In New York, André is sick with longing and regret, especially after a letter arrives from Peggy announcing that she and Arnold now have an accelerated wedding date. Hearing him strain to say the word “March” to Abigail was the second saddest moment of the episode. After much drinking alone and much reminiscing about his courtship while staring at Peggy’s portrait, André ventures to Rivington’s pub. He’s not alone for long, drawing the attention of his onetime sexual plaything, Philomena. “Did something happen in Philadelphia?” she asks and then draws the correct conclusion. “Imagine that: a woman stealing John André’s well-guarded heart. There is a cure for that sort of melancholy…”
Sure, why not, he reluctantly decides, though the always-observing Townsend watches him leave with Philomena. But some semi-passionate lovemaking can’t distract André from his aching heart. If he can’t have Peggy, he can at least pretend: He requests that Philomena style her hair exactly like Peggy’s — not a problem because she knows an expert in the Philadelphia style who’s new to Manhattan. Freddy!

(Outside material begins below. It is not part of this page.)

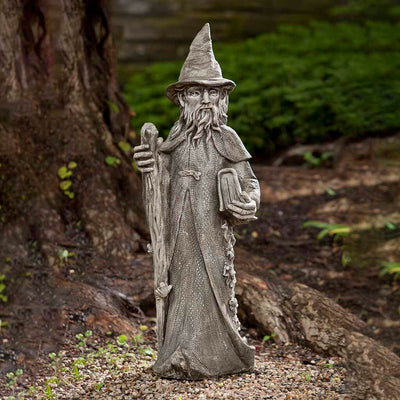 Campania International Merlin Statue, set in the garden to add charm and character. The statue is shown in the Alpine Stone Patina.
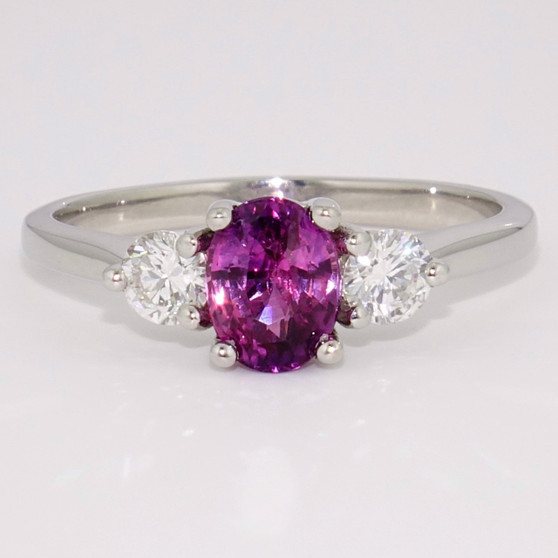 Platinum oval cut deep pink sapphire and round brilliant cut diamond ring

Peggy grips a lock of André’s hair when she’s ravaged by Arnold; now André is reshaping his concubine to wear Peggy’s high roll. It’s all about the hair. Freddy is bound to write Peggy that André has taken up with a woman who’s wearing her style hair, and my guess is that her initial impulse will not be flattery — especially after Abigail reassured her that she was all he thought about.
Three beautiful women, five lost boys. Perhaps the men will win and lose the war, but the women might be the real field generals.